Published in final edited form as: Am J Med Genet A. 2015 Apr 5;167(6):1305–1308. doi: 10.1002/ajmg.a.36876

Overlap of Juvenile Polyposis Syndrome and Cowden Syndrome Due to De Novo Chromosome 10 Deletion Involving BMPR1A and PTEN: Implications for Treatment and Surveillance

Adebisi Alimi 1, Lauren A Weeth-Feinstein 1, Amy Stettner 2, Freddy Caldera 1,3, Jennifer M Weiss 1,3,4,*
PMCID: PMC4449295  NIHMSID: NIHMS646689  PMID: 25846706

Abstract

We describe a patient with a severe juvenile polyposis phenotype, due to a de novo deletion of chromosome 10q22.3-q24.1. He was initially diagnosed with Juvenile polyposis syndrome (JPS) at age 4 after presenting with hematochezia due to multiple colonic juvenile polyps. He then represented at 23 years with recurrent hematochezia from juvenile polyps in his ileoanal pouch. He is one of the earliest reported cases of JPS associated with a large deletion of chromosome 10. Since his initial diagnosis of JPS further studies have confirmed an association between JPS and mutations in BMPR1A in chromosome band 10q23.2, which is in close proximity to PTEN. Mutations in PTEN cause Cowden syndrome (CS) and other PTEN hamartoma tumor syndromes. Due to the chromosome 10 deletion involving contiguous portions of BMPR1A and PTEN in our patient, he may be at risk for CS associated cancers and features, in addition to the polyps associated with JPS. This case presents new challenges in developing appropriate surveillance algorithms to account for the risks associated with each syndrome and highlights the importance of longitudinal follow-up and transitional care between pediatric and adult gastroenterology for patients with hereditary polyposis syndromes.
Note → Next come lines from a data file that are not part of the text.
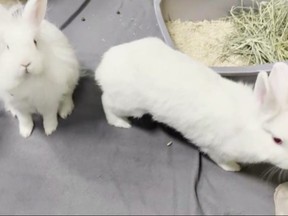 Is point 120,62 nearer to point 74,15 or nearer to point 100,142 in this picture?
point 100,142

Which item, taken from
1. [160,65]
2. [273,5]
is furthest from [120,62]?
[273,5]

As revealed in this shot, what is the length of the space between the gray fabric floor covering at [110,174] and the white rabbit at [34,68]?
0.24ft

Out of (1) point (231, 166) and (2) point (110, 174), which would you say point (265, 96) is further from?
(2) point (110, 174)

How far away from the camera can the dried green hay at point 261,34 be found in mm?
1792

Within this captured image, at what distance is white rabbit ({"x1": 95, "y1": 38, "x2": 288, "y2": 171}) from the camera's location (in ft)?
4.17

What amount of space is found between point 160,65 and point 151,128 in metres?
0.29

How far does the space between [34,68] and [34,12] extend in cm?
16

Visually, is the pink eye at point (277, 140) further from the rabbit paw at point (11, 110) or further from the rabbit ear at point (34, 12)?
the rabbit paw at point (11, 110)

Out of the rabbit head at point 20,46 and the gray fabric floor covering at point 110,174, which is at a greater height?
the rabbit head at point 20,46

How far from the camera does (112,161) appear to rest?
5.07ft

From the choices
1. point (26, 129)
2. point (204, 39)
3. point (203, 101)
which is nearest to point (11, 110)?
point (26, 129)

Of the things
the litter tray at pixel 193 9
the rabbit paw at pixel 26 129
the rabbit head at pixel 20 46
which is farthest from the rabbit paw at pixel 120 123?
the litter tray at pixel 193 9

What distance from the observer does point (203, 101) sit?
1373 millimetres

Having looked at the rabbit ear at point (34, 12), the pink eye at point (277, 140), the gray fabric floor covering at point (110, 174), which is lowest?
the gray fabric floor covering at point (110, 174) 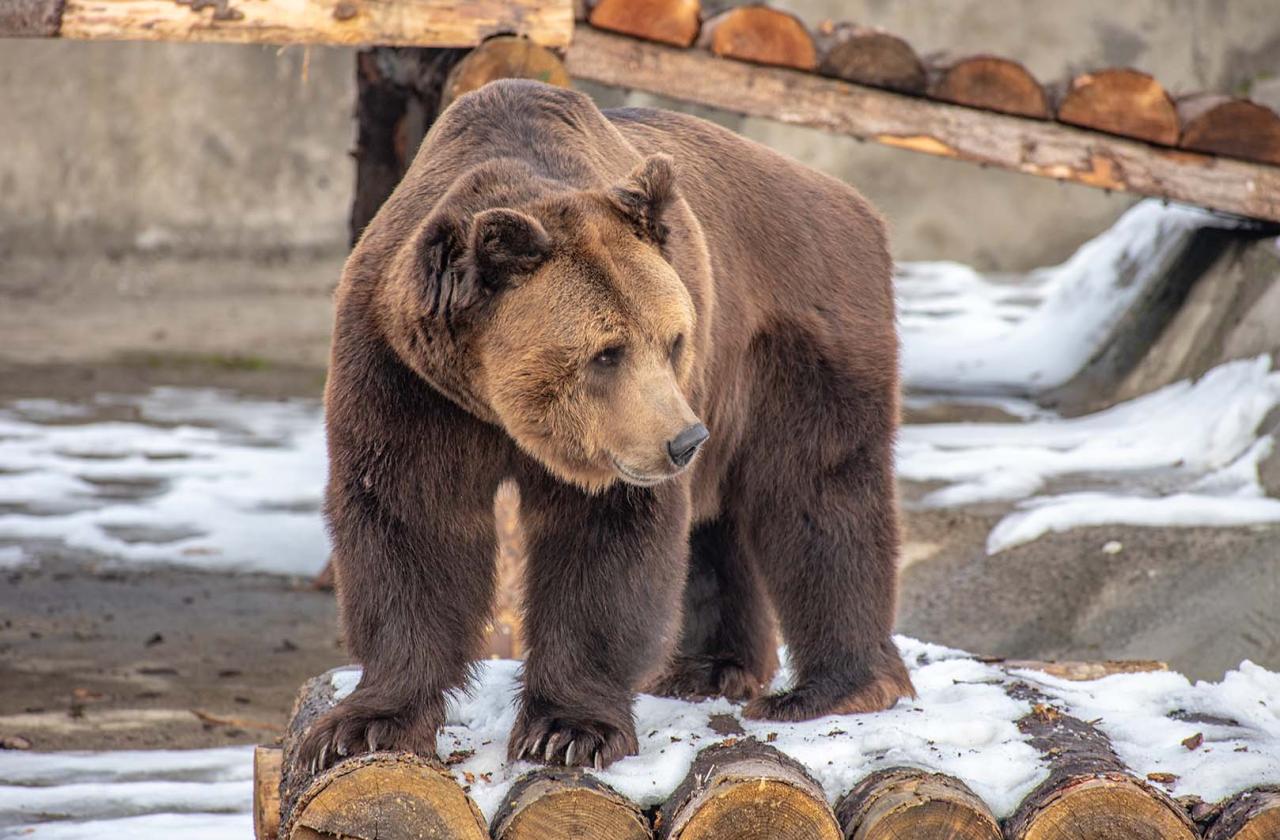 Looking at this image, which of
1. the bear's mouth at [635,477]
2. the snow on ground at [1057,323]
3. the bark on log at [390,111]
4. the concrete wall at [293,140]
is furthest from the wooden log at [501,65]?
the concrete wall at [293,140]

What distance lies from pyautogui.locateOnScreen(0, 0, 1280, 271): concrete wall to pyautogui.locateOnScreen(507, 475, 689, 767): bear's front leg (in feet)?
39.0

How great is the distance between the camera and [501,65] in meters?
5.88

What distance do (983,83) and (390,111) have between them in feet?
9.55

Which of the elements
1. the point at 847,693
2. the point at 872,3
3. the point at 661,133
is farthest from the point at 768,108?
the point at 872,3

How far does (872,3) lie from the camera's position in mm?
15125

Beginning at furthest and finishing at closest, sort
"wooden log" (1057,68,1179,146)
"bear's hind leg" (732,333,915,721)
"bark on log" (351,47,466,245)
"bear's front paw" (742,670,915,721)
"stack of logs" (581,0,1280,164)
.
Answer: "wooden log" (1057,68,1179,146) → "stack of logs" (581,0,1280,164) → "bark on log" (351,47,466,245) → "bear's hind leg" (732,333,915,721) → "bear's front paw" (742,670,915,721)

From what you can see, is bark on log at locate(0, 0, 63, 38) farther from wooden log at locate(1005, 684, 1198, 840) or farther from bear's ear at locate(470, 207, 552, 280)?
wooden log at locate(1005, 684, 1198, 840)

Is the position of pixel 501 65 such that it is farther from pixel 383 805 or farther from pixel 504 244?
pixel 383 805

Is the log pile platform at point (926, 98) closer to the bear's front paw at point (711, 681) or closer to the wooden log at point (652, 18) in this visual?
the wooden log at point (652, 18)

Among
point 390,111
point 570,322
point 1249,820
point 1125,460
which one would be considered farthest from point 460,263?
point 1125,460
Keywords: Gastroenterology, Hamartoma syndrome, multiple, Intestinal polyposis, Pediatrics

INTRODUCTION

Colorectal cancer is the second leading cause of cancer death of men and women in the United States [Siegel et al., 2013]. Approximately 5% of colon cancers can be attributed to well-defined inherited syndromes, such as Lynch syndrome, Familial Adenomatous Polyposis, and hamartomatous polyposis syndromes – including Juvenile polyposis syndrome (JPS), Cowden syndrome (CS), and Peutz-Jeghers syndrome [Jasperson et al., 2010]. Inherited hamartomatous polyposis syndromes occur less frequently than adenomatous polyp syndromes and account for <1% of colorectal cancers [Schreibman et al., 2005]. JPS is a rare autosomal dominant syndrome characterized by histologically distinct juvenile polyps in the gastrointestinal tract and an increased risk of colorectal cancer. Juvenile polyps are hamartomas with a normal epithelium and dense stroma, an inflammatory infiltrate, and a smooth surface with dilated mucous-filled cystic glands in the lamina propria [Schreibman et al., 2005]. They are named for the specific histologic features and not for the age of the patient when the polyp arises; isolated juvenile polyps can be found in adults. JPS has been linked to mutations in both SMAD4 on chromosome band 18q21.2 and BMPR1A on chromosome band 10q23.2, both of which play a role in the BMP/TGF-beta signaling pathway [Dahdaleh et al., 2012; Howe et al., 2001; Howe et al., 1998b; Sayed et al., 2002]. JPS is defined by ≥5 juvenile polyps in the colon or rectum, juvenile polyps in other parts of the gastrointestinal tract, or any number of juvenile polyps in a patient with one or more relatives affected with JPS [Jass et al., 1988]. JPS can also be divided into three subtypes: juvenile polyposis coli and generalized juvenile polyposis based on the location of polyps; and juvenile polyposis of infancy which is characterized by early presentation and a more aggressive course with diarrhea and exudative enteropathy [Dahdaleh et al., 2012]. Location and extent of polyps can vary, even within the same family. JPS carries an estimated lifetime risk of colorectal cancer of up to 40%, with 17 to 21% of cases occurring by age 34 and up to 55% occurring by age 43 [Howe et al, 1998a; Jass et al., 1988]. There is also an increased risk of stomach, small intestine, and pancreatic cancers.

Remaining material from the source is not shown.